March 21, 2012 / 6:18 PM / in 6 years

African nations risk losing tax-free access to Europe -EU official

* Talks to replace previous deal dragged on too long - official

* Activists want to bar more access for African countries

* EU plans to lock out those who have not signed by 2013

By George Obulutsa

NAIROBI, March 21 (Reuters) - Some African countries could lose tax-free access for exports to the European Union if they fail to sign a deal by next year to replace preferential agreements that the World Trade Organisation has rejected, an EU lawmaker said on Wednesday.

The European Union and African, Caribbean and Pacific (ACP) countries had until the end of 2007 to sign the Economic Partnership Agreement (EPA) agreements to replace existing unilateral trade preferences, or risk having European trade disrupted.

Since then the EU’s talks with most of the countries, especially those in Africa, have dragged on longer than planned as activists in Europe argued that the availability of more African products would hurt Europe’s farming and manufacturing sectors.

Without a deal, countries like Ivory Coast, Ghana, Nigeria and Kenya - not classified as “least-developed countries” - will have to start paying duty of between 8.5 and 15.7 per cent on their exports to Europe.

Vital Moreira, chairman of the EU Parliament’s International Trade Committee, said the EU Commission planned to change its Market Access Regulation, which if passed, would remove preferential access after January 2014 for any country that failed to ratify the EPA by the end of 2013.

“We got a waiver from WTO that ended in 2007. So we are five years late on the schedule. We are under an illegal and unfair situation, so time matters here, and we are really on a time pressure,” Moreira said.

“I think that our counterparts in Africa should understand that we cannot drag on and on.”

Some nations in the talks will still qualify for tariff-free access without the EPA under the EU’s unilateral Everything But Arms (EBA) initiative for the least-developed countries (LDCs).

But Moreira cautioned that this initiative was not an alternative to signing the partnership agreement.
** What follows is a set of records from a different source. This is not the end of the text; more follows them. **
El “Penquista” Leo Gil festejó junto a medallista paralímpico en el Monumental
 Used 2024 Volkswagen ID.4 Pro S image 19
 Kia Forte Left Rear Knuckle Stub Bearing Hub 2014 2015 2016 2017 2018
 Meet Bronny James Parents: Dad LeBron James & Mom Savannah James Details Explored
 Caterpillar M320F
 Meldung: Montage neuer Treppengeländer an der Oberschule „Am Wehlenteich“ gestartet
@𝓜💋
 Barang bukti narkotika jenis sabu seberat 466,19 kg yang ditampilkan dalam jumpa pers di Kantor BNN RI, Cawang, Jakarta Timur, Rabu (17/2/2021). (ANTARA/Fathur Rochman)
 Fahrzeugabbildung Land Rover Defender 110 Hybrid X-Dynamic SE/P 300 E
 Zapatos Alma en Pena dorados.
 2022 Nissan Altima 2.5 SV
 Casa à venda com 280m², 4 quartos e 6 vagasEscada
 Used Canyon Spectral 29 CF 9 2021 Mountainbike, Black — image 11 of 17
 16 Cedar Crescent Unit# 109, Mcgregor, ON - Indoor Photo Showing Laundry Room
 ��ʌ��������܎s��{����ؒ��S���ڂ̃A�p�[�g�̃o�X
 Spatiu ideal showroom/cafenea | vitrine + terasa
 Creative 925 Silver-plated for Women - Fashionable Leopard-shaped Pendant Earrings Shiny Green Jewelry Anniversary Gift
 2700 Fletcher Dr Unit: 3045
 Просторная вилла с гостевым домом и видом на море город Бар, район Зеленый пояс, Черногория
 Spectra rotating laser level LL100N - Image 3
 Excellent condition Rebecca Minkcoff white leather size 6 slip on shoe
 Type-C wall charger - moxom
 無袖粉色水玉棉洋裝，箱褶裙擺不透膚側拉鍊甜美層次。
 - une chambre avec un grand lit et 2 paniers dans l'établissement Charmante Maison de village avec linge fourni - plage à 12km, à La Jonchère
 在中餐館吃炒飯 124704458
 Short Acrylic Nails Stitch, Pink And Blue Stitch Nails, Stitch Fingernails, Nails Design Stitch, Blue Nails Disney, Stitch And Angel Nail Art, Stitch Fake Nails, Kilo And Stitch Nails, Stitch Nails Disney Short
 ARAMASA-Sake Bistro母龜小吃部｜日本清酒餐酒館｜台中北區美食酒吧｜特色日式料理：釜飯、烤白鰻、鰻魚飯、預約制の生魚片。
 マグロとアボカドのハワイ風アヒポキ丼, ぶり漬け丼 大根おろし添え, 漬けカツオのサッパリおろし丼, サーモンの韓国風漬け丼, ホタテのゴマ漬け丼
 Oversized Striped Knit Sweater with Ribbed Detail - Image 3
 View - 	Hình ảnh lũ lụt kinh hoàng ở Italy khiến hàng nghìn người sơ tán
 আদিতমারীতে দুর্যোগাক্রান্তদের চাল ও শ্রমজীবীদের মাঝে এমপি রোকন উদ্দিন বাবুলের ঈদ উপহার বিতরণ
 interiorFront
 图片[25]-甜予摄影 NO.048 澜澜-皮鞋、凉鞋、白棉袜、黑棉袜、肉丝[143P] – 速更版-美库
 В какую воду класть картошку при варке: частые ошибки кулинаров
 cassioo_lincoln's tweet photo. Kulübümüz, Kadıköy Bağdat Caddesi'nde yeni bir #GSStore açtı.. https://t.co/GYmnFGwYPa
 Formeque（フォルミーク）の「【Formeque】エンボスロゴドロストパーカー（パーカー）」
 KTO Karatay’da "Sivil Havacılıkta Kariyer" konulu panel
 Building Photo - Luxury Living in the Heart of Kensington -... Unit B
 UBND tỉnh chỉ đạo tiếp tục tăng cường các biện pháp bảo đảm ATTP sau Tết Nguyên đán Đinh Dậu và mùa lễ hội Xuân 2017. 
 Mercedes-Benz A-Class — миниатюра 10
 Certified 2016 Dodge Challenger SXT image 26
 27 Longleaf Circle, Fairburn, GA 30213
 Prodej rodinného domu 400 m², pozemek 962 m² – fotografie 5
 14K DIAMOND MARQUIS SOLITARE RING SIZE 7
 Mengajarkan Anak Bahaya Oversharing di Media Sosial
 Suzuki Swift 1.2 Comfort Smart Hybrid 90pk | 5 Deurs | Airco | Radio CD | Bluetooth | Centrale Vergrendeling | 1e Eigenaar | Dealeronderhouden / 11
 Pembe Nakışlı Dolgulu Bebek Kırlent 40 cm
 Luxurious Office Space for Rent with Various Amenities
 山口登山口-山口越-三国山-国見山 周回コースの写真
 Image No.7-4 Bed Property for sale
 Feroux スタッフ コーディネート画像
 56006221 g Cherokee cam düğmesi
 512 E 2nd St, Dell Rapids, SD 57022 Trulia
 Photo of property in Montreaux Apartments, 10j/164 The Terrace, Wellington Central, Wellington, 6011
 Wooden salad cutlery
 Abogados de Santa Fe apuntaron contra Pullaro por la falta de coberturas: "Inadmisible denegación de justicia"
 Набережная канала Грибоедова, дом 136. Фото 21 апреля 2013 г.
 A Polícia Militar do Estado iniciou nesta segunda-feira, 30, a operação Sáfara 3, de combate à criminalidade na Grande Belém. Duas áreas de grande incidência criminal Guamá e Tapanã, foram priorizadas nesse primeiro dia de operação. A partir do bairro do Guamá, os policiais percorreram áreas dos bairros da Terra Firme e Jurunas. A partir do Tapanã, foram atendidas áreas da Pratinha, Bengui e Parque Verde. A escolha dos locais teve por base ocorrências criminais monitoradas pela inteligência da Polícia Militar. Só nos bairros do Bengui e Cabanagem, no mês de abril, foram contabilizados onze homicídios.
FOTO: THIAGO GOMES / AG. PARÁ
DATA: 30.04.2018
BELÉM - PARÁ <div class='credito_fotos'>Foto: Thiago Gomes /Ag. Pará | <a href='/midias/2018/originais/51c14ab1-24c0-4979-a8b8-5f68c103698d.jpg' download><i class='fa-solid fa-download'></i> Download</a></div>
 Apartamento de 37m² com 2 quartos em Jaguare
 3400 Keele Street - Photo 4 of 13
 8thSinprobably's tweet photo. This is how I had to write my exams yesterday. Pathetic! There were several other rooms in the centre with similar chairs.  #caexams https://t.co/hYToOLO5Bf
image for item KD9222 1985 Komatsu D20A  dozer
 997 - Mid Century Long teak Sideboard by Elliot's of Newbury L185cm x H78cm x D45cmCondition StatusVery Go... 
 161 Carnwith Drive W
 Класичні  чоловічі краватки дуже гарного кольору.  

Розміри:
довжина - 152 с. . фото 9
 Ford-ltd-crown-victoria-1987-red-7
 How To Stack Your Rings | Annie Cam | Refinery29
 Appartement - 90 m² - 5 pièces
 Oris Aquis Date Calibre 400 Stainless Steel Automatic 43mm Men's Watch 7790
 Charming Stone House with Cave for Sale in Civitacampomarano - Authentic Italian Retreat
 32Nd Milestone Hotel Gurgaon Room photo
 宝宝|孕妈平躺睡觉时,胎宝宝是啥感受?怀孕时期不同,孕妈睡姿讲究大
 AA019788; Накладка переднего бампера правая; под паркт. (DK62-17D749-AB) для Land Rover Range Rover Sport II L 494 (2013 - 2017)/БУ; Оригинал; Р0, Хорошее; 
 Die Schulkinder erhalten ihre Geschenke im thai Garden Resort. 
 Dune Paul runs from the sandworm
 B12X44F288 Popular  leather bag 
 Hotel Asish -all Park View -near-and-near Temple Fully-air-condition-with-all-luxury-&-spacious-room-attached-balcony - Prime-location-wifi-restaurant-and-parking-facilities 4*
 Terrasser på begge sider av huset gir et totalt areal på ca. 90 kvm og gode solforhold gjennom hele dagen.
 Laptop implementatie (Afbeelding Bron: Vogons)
“The European Union could decide to remove the EBA scheme. Secondly, you are not supposed to remain as an LDC forever,” he said.

“If the LDCs in this region do think that they have an alternative, they have a wrong assessment of the situation.”

So far only Caribbean countries have ratified the partnership agreement, while those in the Pacific had ratified an interim agreement, Moreira said.

Some countries, clustered under five other groupings - East African Community (EAC), West Africa, South African Development Community, Central Africa and Eastern and Southern Africa - have since initialled the agreement, but not ratified it.

For instance, the EAC - comprising Burundi, Kenya, Rwanda, Tanzania and Uganda - initialled it in 2007, but later said it would not sign a final deal without firm EU commitments to development aid, trade and other development issues.